Objective: This meta-analysis comprehensively summarizes the current clinical research on compound glycyrrhizin (CG) treatment for liver cancer and protecting liver function to guide clinical treatment.
Methods: Eighteen English-language articles were retrieved from PubMed, SinoMed, Cochrane, Embase, Web of Science, and three Chinese databases: The Wan Fang database, China National Knowledge Infrastructure (CNKI), and the VIP database.
Results: CG treatment improved the patient's alanine aminotransferase (ALT) level (in the metastatic liver cancer group: mean deviation (MD) = −13.78, 95% confidence interval (CI) = [−17.29, 10.27]; in the primary liver cancer group: MD = −32.15, 95% CI = [−35.48, 28.81]); aspartate aminotransferase (AST) level (in the primary liver cancer group: MD = −21.63, 95% CI = [−24.29, 18.96]; in the metastatic liver cancer group: MD = −15.64, 95% CI = [−19.08, −12.20]); serum total bilirubin (TBIL) level (MD = −1.61, 95% CI = [−2.71, −0.51]); and serum albumin (ALB) level (MD = 2.80, 95% CI = [1.85, 3.74]). CG treatment was efficient than the control (relative risk [RR] = 1.66, 95% CI = [1.35, 2.04]). Although adverse reactions, including fever, were higher than in the control group (RR = 1.13, 95% CI = [0.89, 1.43]), they were controllable.
Conclusion: CG affects liver preservation in treating liver cancer, which can reduce ALT, AST, and TBIL levels in patients; increase the ALB level; and protect liver cells. The CG-treated group showed improvement compared with the control group; although adverse reactions occurred in the treated group, the duration was shortened.

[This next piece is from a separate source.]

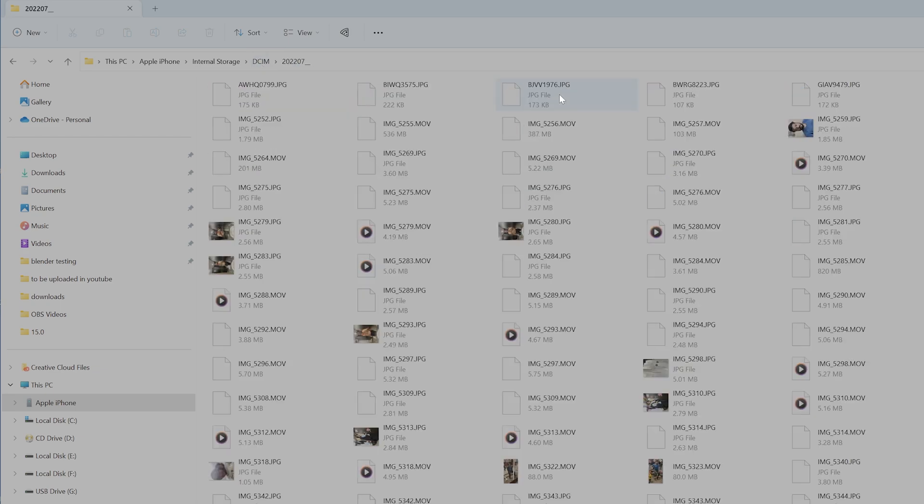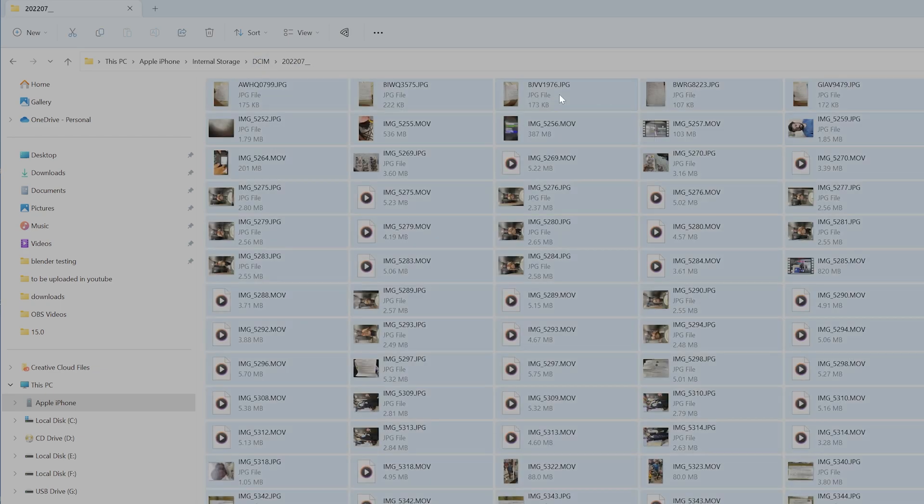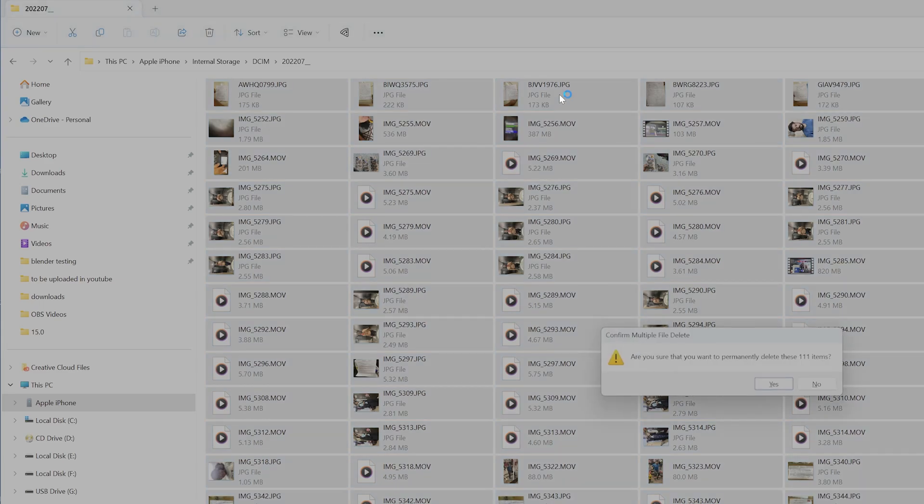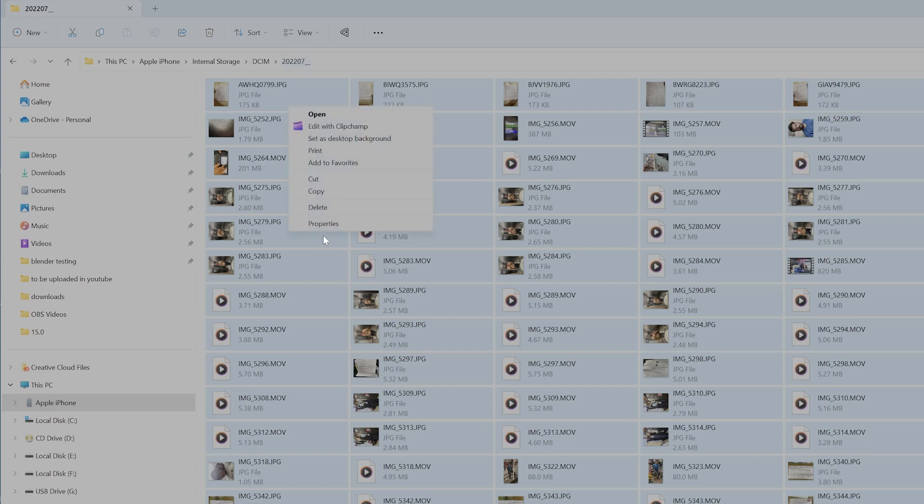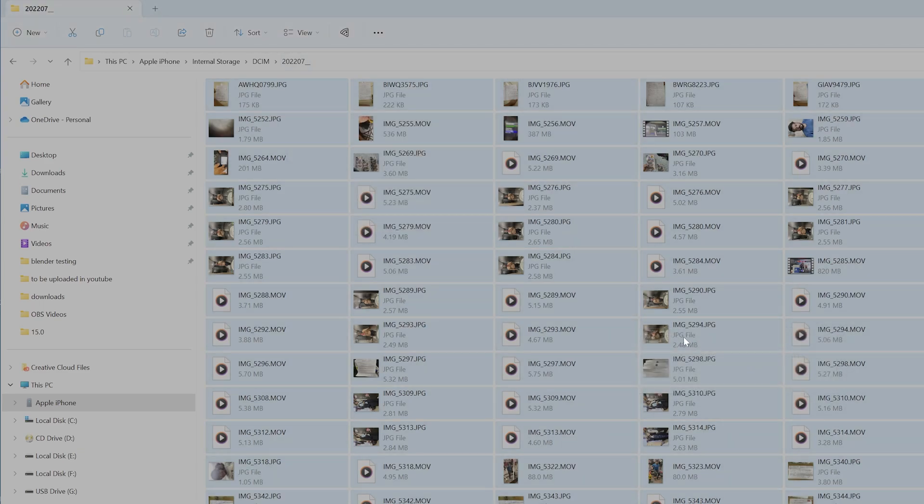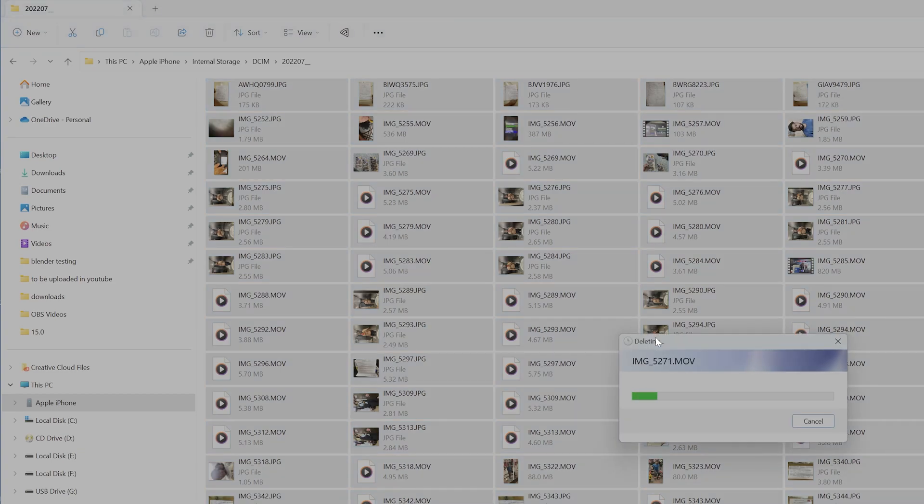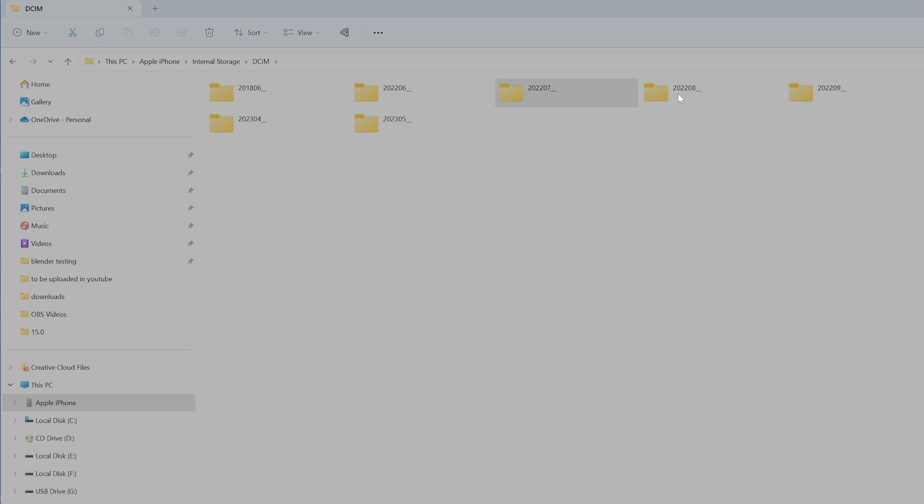I'm going to the next folder, giving Control+A and just deleting it. Right click, delete, yes. It's deleting. You can delete the data from inside the folder, that will be the easiest way.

Keywords: Compound glycyrrhizin, licorice, liver cancer, meta-analysis, Stronger Neo-Minophagen C, treatment


How to cite this article:
Li Y, Hao M, Zhang B, Wang P, Zhang D, Lu S, Ma W. Meta-analysis of the efficacy of glycyrrhizin for postoperative liver preservation in patients with liver cancer. J Can Res Ther 2022;18:461-9

How to cite this URL:
Li Y, Hao M, Zhang B, Wang P, Zhang D, Lu S, Ma W. Meta-analysis of the efficacy of glycyrrhizin for postoperative liver preservation in patients with liver cancer. J Can Res Ther [serial online] 2022 [cited 2022 Jul 7];18:461-9. Available from: https://www.cancerjournal.net/text.asp?2022/18/2/461/345532




 > Introduction Top


Liver cancer is a malignant disease, and the incidence of this cancer is associated with hepatitis virus infection, chronic alcoholism, metabolic diseases, and aflatoxin. As of 2019, liver cancer was the fourth most common cause of cancer-related deaths globally and ranked sixth in terms of incidence,[1] posing a major threat to human health.

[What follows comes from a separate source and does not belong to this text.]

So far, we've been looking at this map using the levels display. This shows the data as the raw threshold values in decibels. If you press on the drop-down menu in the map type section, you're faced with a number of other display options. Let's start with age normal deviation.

Licorice is a widely used herbal medicine in China. Clinical studies have found that licorice, glycyrrhizin, and glycyrrhetinic acid (GA) extracts play significant anti-inflammatory,[2] antioxidant, and antitumor roles and can be used to treat psoriasis vulgaris,[3] chronic urticaria, viral hepatitis, SARS, and the recent outbreak of COVID-19.[4] Compound glycyrrhizin (CG) is a compound prepared with glycyrrhizin as the main ingredient, with the brand name Stronger Neo-Minophagen C (SNMC). In this article, we summarized current clinical studies on CG treatment of liver cancer and reviewed the effectiveness of CG treatment of liver cancer for clinical reference.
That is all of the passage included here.